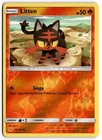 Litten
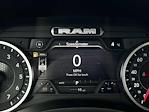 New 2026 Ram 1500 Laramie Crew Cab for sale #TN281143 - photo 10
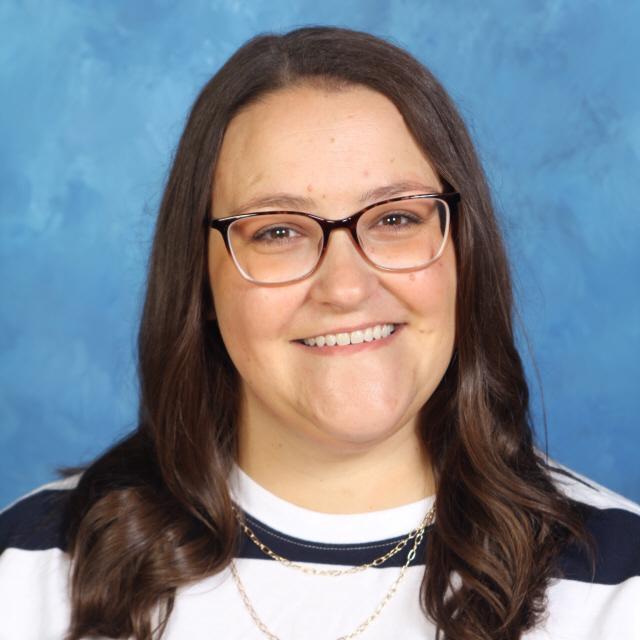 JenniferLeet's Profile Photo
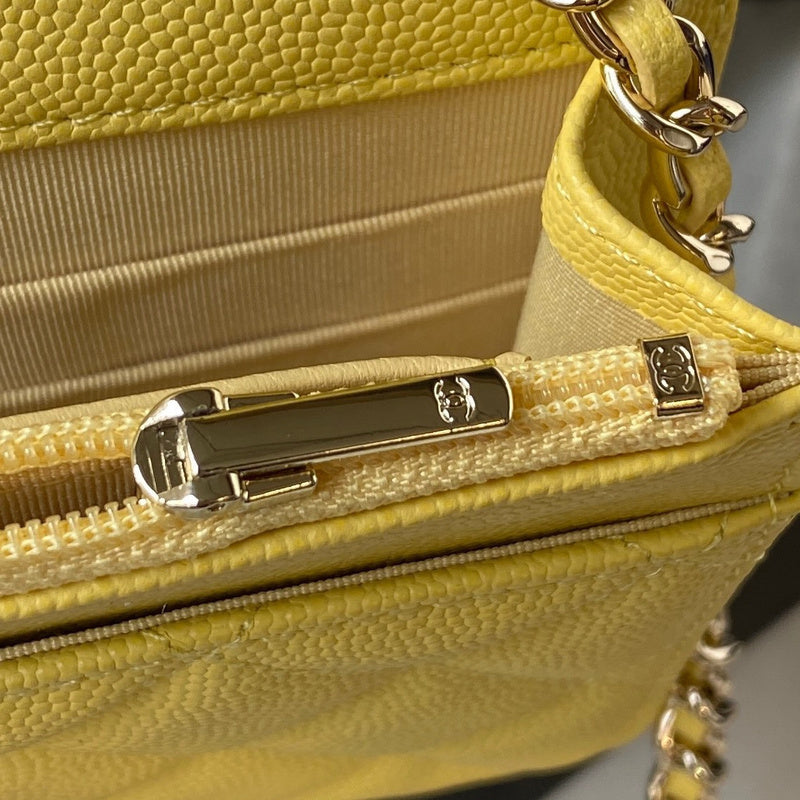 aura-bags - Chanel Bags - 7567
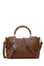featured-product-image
* * *
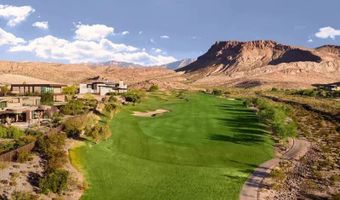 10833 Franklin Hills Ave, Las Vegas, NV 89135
...
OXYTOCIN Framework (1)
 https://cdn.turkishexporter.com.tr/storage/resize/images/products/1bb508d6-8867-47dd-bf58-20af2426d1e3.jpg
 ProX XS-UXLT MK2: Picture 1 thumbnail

### Work to complete
Using the data above, transcribe exactly the lines between those containing "New 2026 Ram" and "featured-product-image", inclusive, and leave every picture behind.

### Answer box
 New 2026 Ram 1500 Laramie Crew Cab for sale #TN281143 - photo 10
 JenniferLeet's Profile Photo
 aura-bags - Chanel Bags - 7567
featured-product-image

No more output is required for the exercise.